Work instructions >> Retype the listing below line for line, but only from the line with "These appreciations have" down to the line with "Bayer Leverkusen will", inclusive. Pictures stay out.

Data provided >>
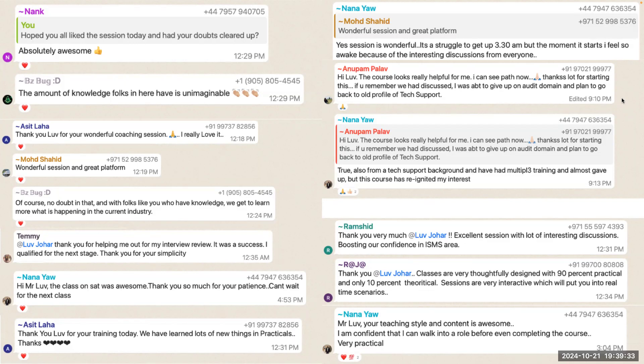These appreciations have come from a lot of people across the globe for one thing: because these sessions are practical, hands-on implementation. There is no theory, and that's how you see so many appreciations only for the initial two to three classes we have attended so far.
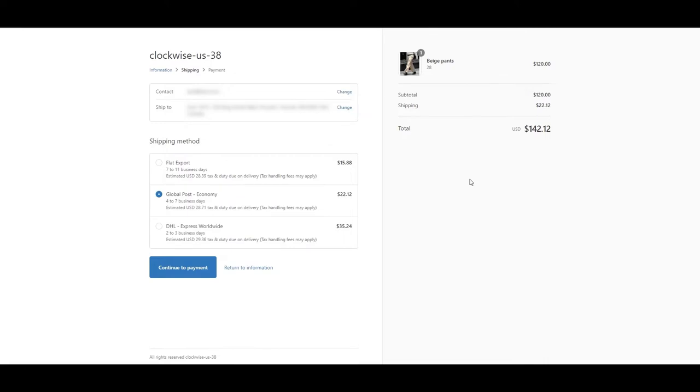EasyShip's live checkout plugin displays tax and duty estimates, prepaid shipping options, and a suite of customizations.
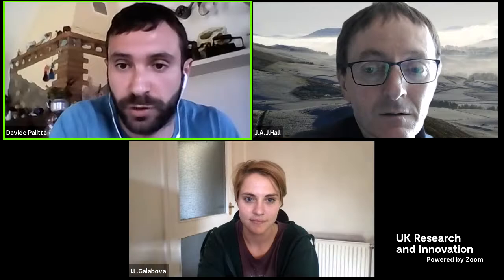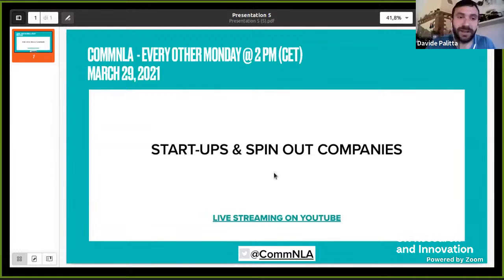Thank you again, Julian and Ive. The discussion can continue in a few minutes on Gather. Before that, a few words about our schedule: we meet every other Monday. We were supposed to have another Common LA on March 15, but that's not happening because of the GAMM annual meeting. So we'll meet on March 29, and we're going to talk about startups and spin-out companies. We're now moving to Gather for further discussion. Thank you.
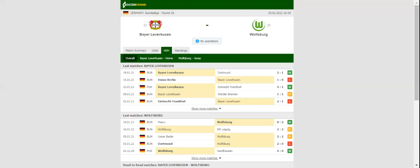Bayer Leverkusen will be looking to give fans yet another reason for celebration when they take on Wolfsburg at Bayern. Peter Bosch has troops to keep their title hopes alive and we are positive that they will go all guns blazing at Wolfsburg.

==

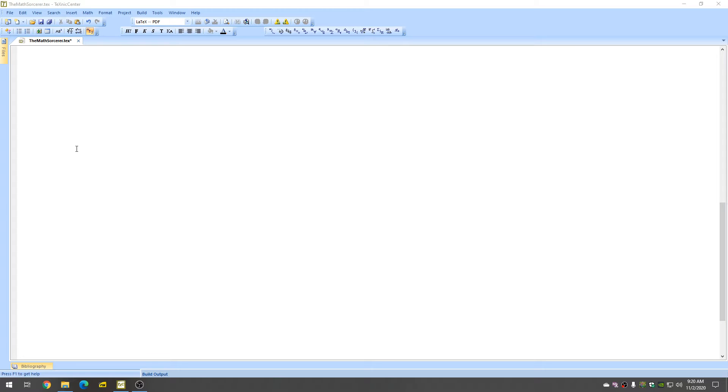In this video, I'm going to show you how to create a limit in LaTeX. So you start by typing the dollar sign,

* * *

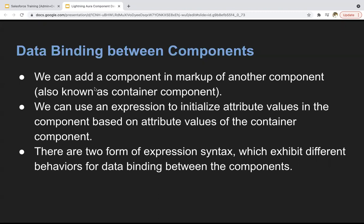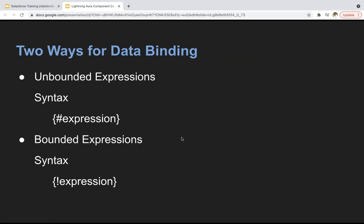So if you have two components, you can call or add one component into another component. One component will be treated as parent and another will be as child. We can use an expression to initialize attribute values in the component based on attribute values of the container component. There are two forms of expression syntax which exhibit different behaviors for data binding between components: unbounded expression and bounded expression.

Response to this task >>
These appreciations have come from a lot of people across the globe for one thing: because these sessions are practical, hands-on implementation. There is no theory, and that's how you see so many appreciations only for the initial two to three classes we have attended so far.
EasyShip's live checkout plugin displays tax and duty estimates, prepaid shipping options, and a suite of customizations.
Thank you again, Julian and Ive. The discussion can continue in a few minutes on Gather. Before that, a few words about our schedule: we meet every other Monday. We were supposed to have another Common LA on March 15, but that's not happening because of the GAMM annual meeting. So we'll meet on March 29, and we're going to talk about startups and spin-out companies. We're now moving to Gather for further discussion. Thank you.
Bayer Leverkusen will be looking to give fans yet another reason for celebration when they take on Wolfsburg at Bayern. Peter Bosch has troops to keep their title hopes alive and we are positive that they will go all guns blazing at Wolfsburg.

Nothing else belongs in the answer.